Authentication in REST APIs
Protect routes with authentication:
function authenticate(req, res, next) {
const token = req.headers.authorization?.split(' ')[1];
if (!token) {
return res.status(401).json({ error: 'No token provided' });
}
// Verify token (simplified)
req.user = { id: 1 };
next();
}
app.post('/posts', authenticate, (req, res) => {
// Create post as authenticated user
const newPost = {
id: posts.length + 1,
...req.body,
userId: req.user.id
};
posts.push(newPost);
res.status(201).json(newPost);
});
app.delete('/posts/:id', authenticate, (req, res) => {
// Delete logic
});
Only authenticated users can create or delete.
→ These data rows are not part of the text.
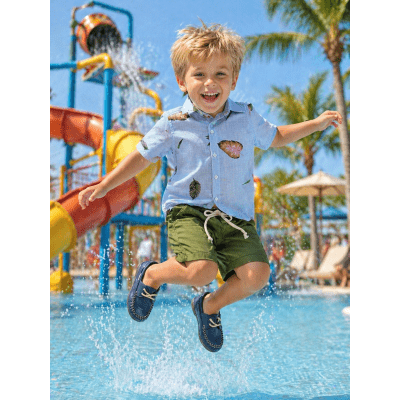 Conjunto Camisa Azul Com Bermuda Verde Musgo de Cordão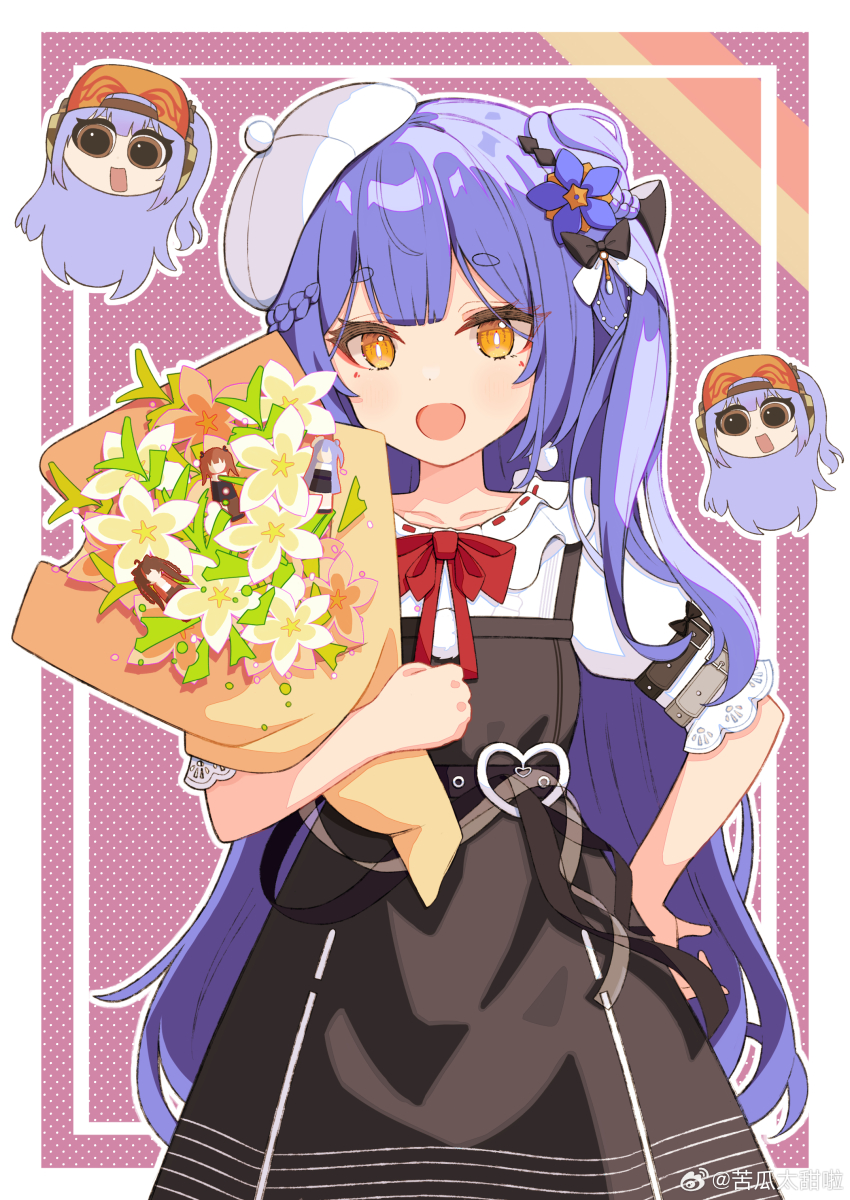 1girl absurdres azusa_(vtuber) virtuareal_link beret black_dress black_ribbon blue_hair border bouquet braid dress flower hair_flower hair_ornament hair_ribbon hand_on_own_hip hat highres holding holding_bouquet kero_(vtuber) kigua_tai_tian_la long_hair looking_at_viewer nanami_(virtuareal) nijisanji official_alternate_costume open_mouth outside_border pinafore_dress red_ribbon ribbon sleeveless sleeveless_dress solo thick_eyebrows virtual_youtuber virtuareal white_border white_dress white_flower white_ribbon yellow_eyes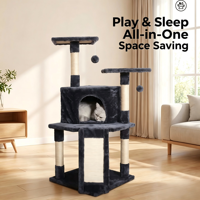 Arbre à chat avec rampe douce à marches basses de 102 cm, griffoir en sisal naturel, maisonnette douillette et large perchoir en peluche pour chats d'intérieur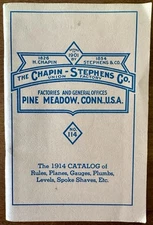 1914 CHAPIN-STEPHENS CO. Tool Catalog No. 114 Rules, Plumbs, Gages REPRINT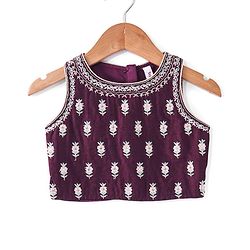 Babyhug Sleeveless Sequined Floral Embroidered Choli Lehenga and Dupatta Set - Wine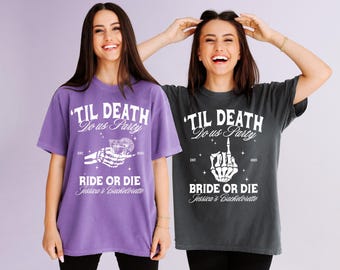 Til Death Do Us Party, Bride or Die Halloween Bachelorette Party Shirts for Bride and Bridesmaids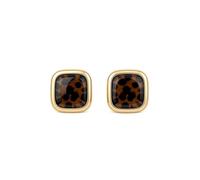 Square Leopard Print Stud Earrings with Gold Tone Frame for Women Fashion Statement Jewelry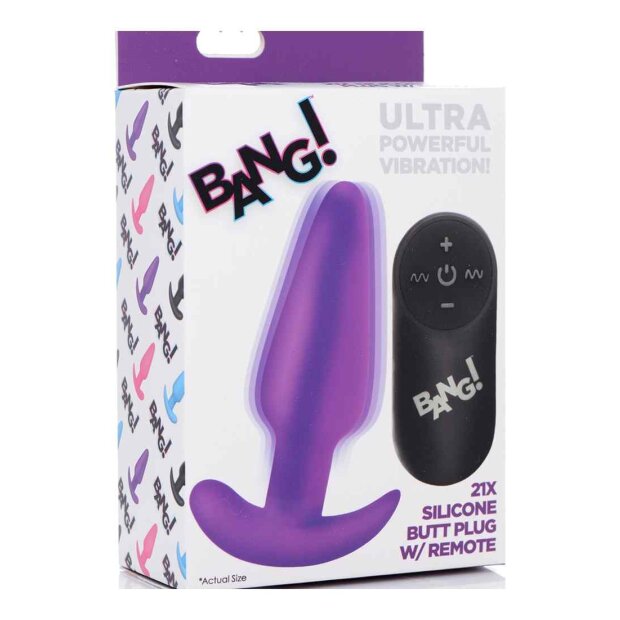 21X Vibrating Silicone Butt Plug w/ Remote Control - Purple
CORS for Cross-Origin Requests
If your API is called from a different domain, enable CORS:
npm install cors
import cors from 'cors';
app.use(cors());
// or restrict to specific domains
app.use(cors({
origin: 'https://example.com'
}));
Complete REST API Example
Here's a realistic REST API with authentication, validation, and proper status codes:
import express from 'express';
const app = express();
app.use(express.json());
let posts = [];
let nextId = 1;
// Middleware: log requests
app.use((req, res, next) => {
console.log(`\({req.method} \){req.path}`);
next();
});
// Middleware: authenticate
function authenticate(req, res, next) {
const token = req.headers.authorization?.split(' ')[1];
if (token === 'valid-token') {
req.user = { id: 1 };
next();
} else {
res.status(401).json({ error: 'Unauthorized' });
}
}
// GET all posts
app.get('/posts', (req, res) => {
res.json(posts);
});
// GET single post
app.get('/posts/:id', (req, res) => {
const post = posts.find(p => p.id === parseInt(req.params.id));
if (!post) return res.status(404).json({ error: 'Not found' });
res.json(post);
});
// POST create post (requires auth)
app.post('/posts', authenticate, (req, res) => {
const { title, content } = req.body;
if (!title || !content) {
return res.status(400).json({ error: 'Title and content required' });
}
const newPost = { id: nextId++, title, content, userId: req.user.id };
posts.push(newPost);
res.status(201).json(newPost);
});
// PUT update post
app.put('/posts/:id', authenticate, (req, res) => {
const post = posts.find(p => p.id === parseInt(req.params.id));
if (!post) return res.status(404).json({ error: 'Not found' });
post.title = req.body.title || post.title;
post.content = req.body.content || post.content;
res.json(post);
});
// DELETE post
app.delete('/posts/:id', authenticate, (req, res) => {
const index = posts.findIndex(p => p.id === parseInt(req.params.id));
if (index === -1) return res.status(404).json({ error: 'Not found' });
posts.splice(index, 1);
res.json({ message: 'Deleted' });
});
app.listen(3000);
Key Takeaways
- REST uses HTTP methods (GET, POST, PUT, DELETE) to represent operations
- Resources are nouns, not verbs:
/postsnot/getPosts - Status codes indicate operation success: 200, 201, 400, 404, 500
- Query parameters filter and sort results
- Validation catches bad data before processing
- Authentication protects sensitive operations
- Consistent error responses help clients handle errors
- Versioning lets you evolve your API without breaking clients
Build REST APIs following these principles, and you'll create clean, intuitive, maintainable APIs that developers love to use.